Stung by lack of support from three trade unions for the proposed plan, Government has withdrawn from a joint labour forum and accused them of putting the airline and jobs at risk, and creating uncertainty for creditors and potential investors.

Despite Government pressure to push through the plan, the National Union of Metalworkers of South Africa, the South African Cabin Crew Association and the SAA Pilots Association were amongst 69% of creditors who Thursday (June 25) voted to adjourn a creditors meeting.

Others included Airlink, SITA, Sasol, Tourvest tourism group, International Aero Engines and DXC Technology.  Amendments are to be published by July 7 and creditors will reconvene on July 14.

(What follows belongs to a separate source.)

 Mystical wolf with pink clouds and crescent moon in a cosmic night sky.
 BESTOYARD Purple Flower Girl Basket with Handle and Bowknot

In a statement, the Department of Public Enterprises (DPE) accuses the unions of “contradicting the letter and spirit” of the Leadership Consultative Forum (LCF); taking an “anti-worker stance” by “aligning themselves with a competitor” by supporting Airlink’s motion to adjourn the vote; and putting “SAA on a path towards possible liquidation”.

It further complains that forum participants leaked confidential information and publicly attacked the DPE.  The department urges employees to accept a generous voluntary severance package – reportedly totalling R580 000 (€28 990) per employee – which is supported by a social plan and a skills development programme.

“The LCF always looked like a political ploy to placate the unions, especially Numsa and SACCA, as they are more likely to represent ANC voters,” comments Birns. “It was never clear just how the LCF would work as a parallel process and not one that was integral to the BRPs' method. The DPE possibly thought it could foist it on to the BRPs, but all they've done is make politically expedient promises that, thanks to the budget, cannot be kept,” he says.

Airlink CEO and MD, Rodger Foster, says the DPE’s move amounts to bullying, saying all creditors have raised equally valid, unanswered questions. “They all speak to the fairness, viability, plausibility, funding and legality of the rescue plan, the business rescue process and its compliance with the Companies Act, as well as the BRPs’ independence.  The outcome was a 69% vote to adjourn the meeting in order for the BRPs to openly and honestly address these concerns and to put forward the necessary amendments to the plan.”

He adds: “Nobody denies the bigger economic benefit of having an airline capable of connecting South Africa with key African and long-haul markets.  What is needed is a credible plan to resuscitate SAA, with a reasonable settlement arrangement that does not unfairly prejudice some stakeholders in favour of others in eliminating SAA’s debt and liability at the expense of certain creditors.”